腦子裏莫名劃過了一個片段,是白衣師父擁着她,大片的鮮血從他的額頭滴落了下來,他表情痛苦,卻還是和她道:“別怕,我在。”
鍾離安回過神來,有些難以置信地看着眼前的這樣一幕。
她如果沒有記錯的話,她之前從來沒有見過這樣的場景,但是那畫面的感覺偏偏又是這樣的真實,尤其是那血液的溫度是那樣的滾燙而灼熱。
她搖了搖頭,看向了白衣師父。
她無法感知到外面發生了什麼,有多少的天雷在等着白衣師父,她只看到,他一貫沒有什麼波瀾的臉上泛起了痛苦之色,眼角微微泛紅。
原來,他又會有這樣脆弱脆弱的一面。
鍾離安手心靈力匯聚,朝着他凝結的那一片結界轟打了過去,試圖破開。
“碰……”
然而她的靈力轟在結界之上,卻是猶如泥石入海,根本沒有半點的作用!
她這一次,是真正深刻地理解到,白衣師父的實力,很強!
這樣強大實力的他引來的天雷,必然也是強悍至極的,只怕是以她現在的實力,抗一記天雷怕都是要給灰飛煙滅!
像是白衣師父實力如此強大之人,尚且能夠被囚禁在這樣一個暗無天日的地方,可見對白衣師父下手的人,實力究竟是有多強!
她,還是太弱小了!
看着師父白衣上的血色越來越盛,他身形微微顫抖,神情痛苦,鍾離安緊緊握拳。她要變強,只有變得足夠強大,纔有實力守護她想要守護住的一切。
不知道是捱過了多少道天雷之後,天雷這才漸漸地消散開,白衣師父睜開了微溼的鳳眸,身形微微顫抖後,還是撐着站了起來。

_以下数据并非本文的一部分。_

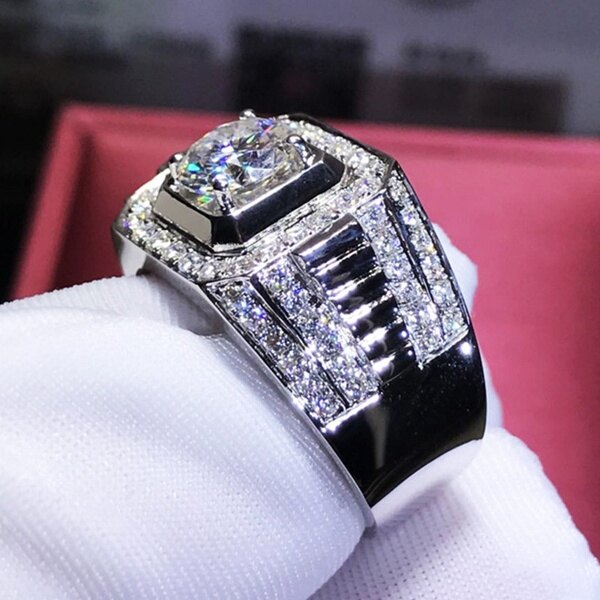 TT Men's ring with natural gemstone 925 Sterling Silver luxury ring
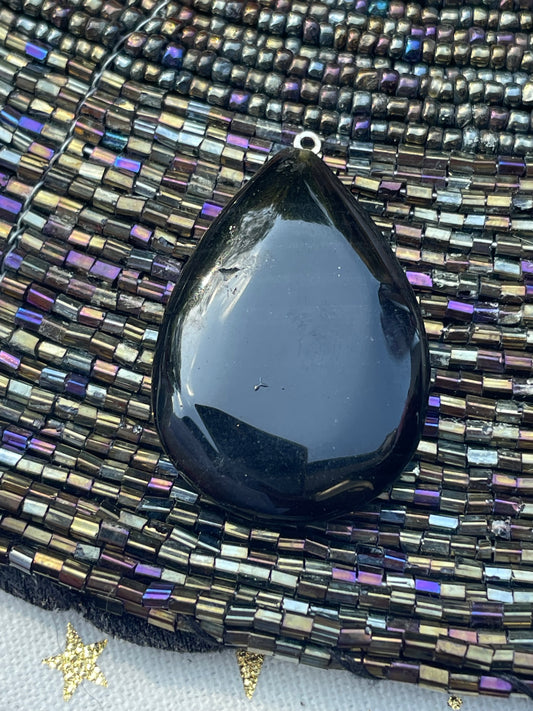 Pendentif en Obsidienne noire : "Miroir de l'âme"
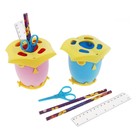 Настольный набор, детский, «Сова» из 5 предметов: подставка, ножницы, линейка, 2 карандаша, МИКС - Фото 1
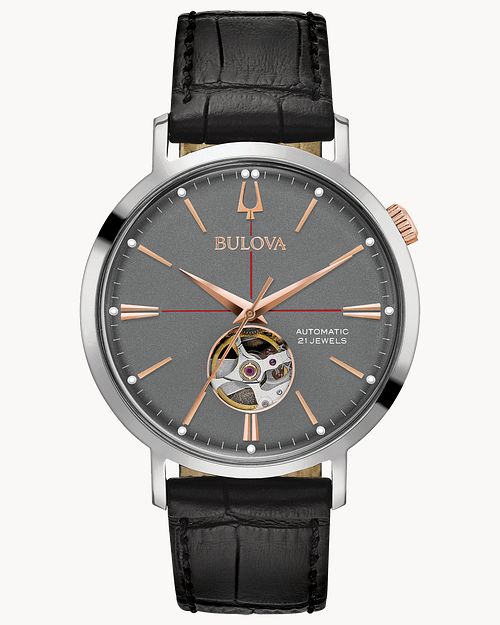 Bulova Aerojet Men s Black Dial Black Strap Classic Watch Bulova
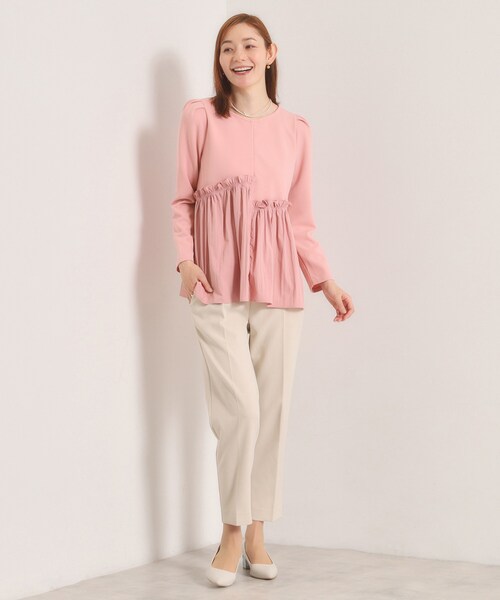 ITS'DEMO（イッツデモ）の「【洗濯機OK】異素材ドッキングトップス（Tシャツ/カットソー・レディース・ベビーピンク/ブラック/アイボリー・00）」の13枚目の写真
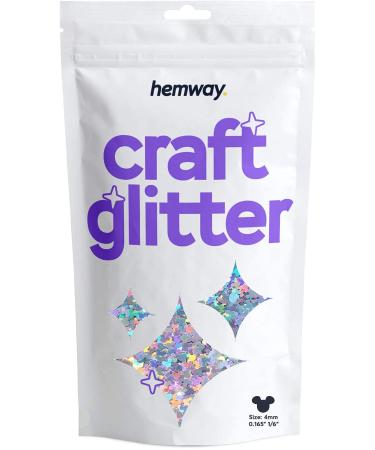 Hemway Craft Glitter - 1/6 "0.165" 4mm - Mickey Mouse Glitter Sequin Confetti Party Decoration Nail Body Face Arts Crafts - Silver Holographic - 50g Silographic Micky Mouse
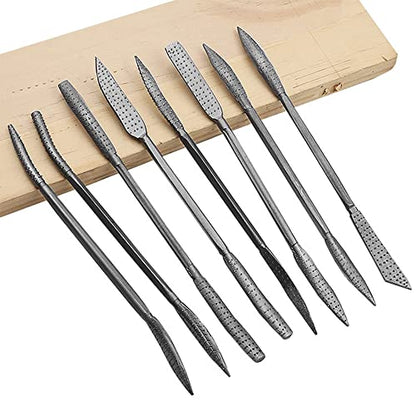 CLAHJQX 8pcs Wood Files and Rasps, Wood Carving Kit, Double Ended Riffler Rasp Set, Special Shaped File Set for Woodworking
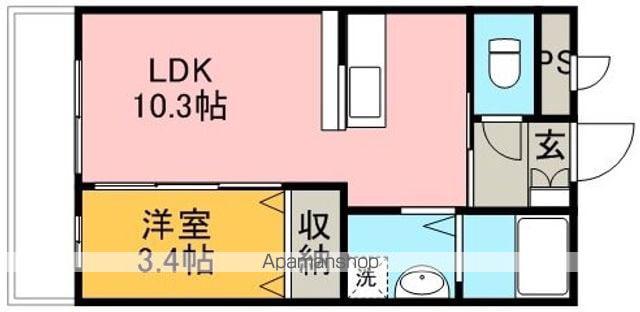 ラ・ペジブル(1LDK/1階)の間取り写真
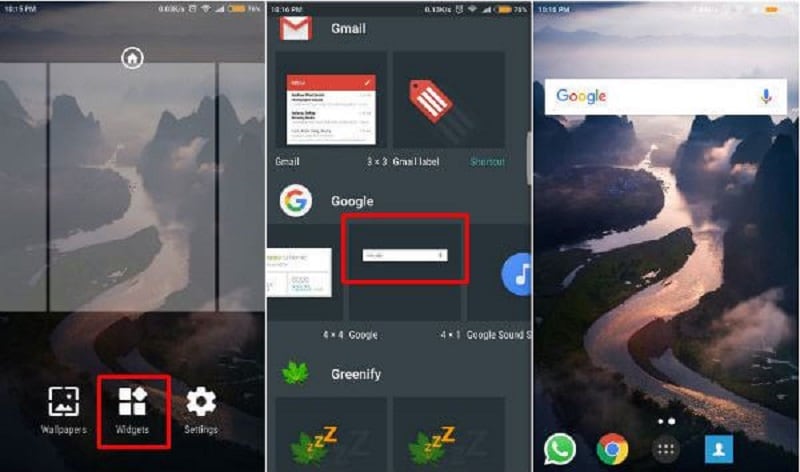 search bar on android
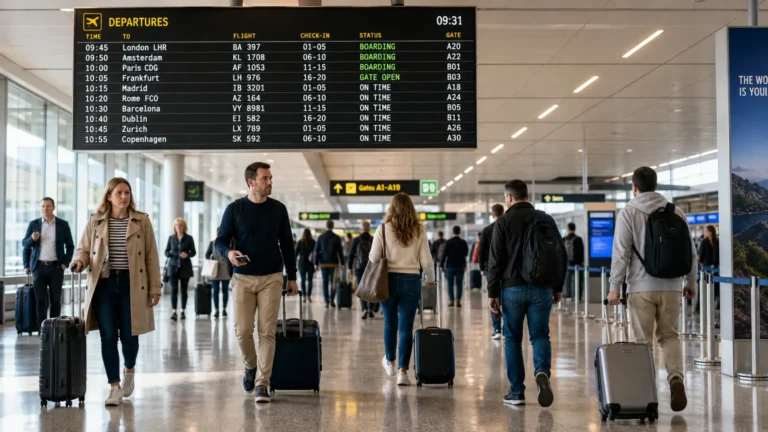 Reizigers in een vertrekhal van een luchthaven bij de vertrekschermen.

此時,在他面前的那一把長劍,上面環繞着道道靈光,已然是到了聖幻器的階級。
白衣師父帶着那一把長劍,雙手捧着一步步走近了鍾離安:“拿去吧,這本就該是屬於你的東西。”
鍾離安拳頭緊握,還是伸手接過了那一把長劍。
長劍入手,似乎是及其喜歡她的氣息一般,發出了一聲愉悅的低吟。
而後,但見上面寒光一閃,出現了二個字的紋樣:弒天。
“弒天,這就是他本來的名字嗎……”
鍾離安輕輕撫着那兩個字,心頭沒來由地升起了一股熟悉之感。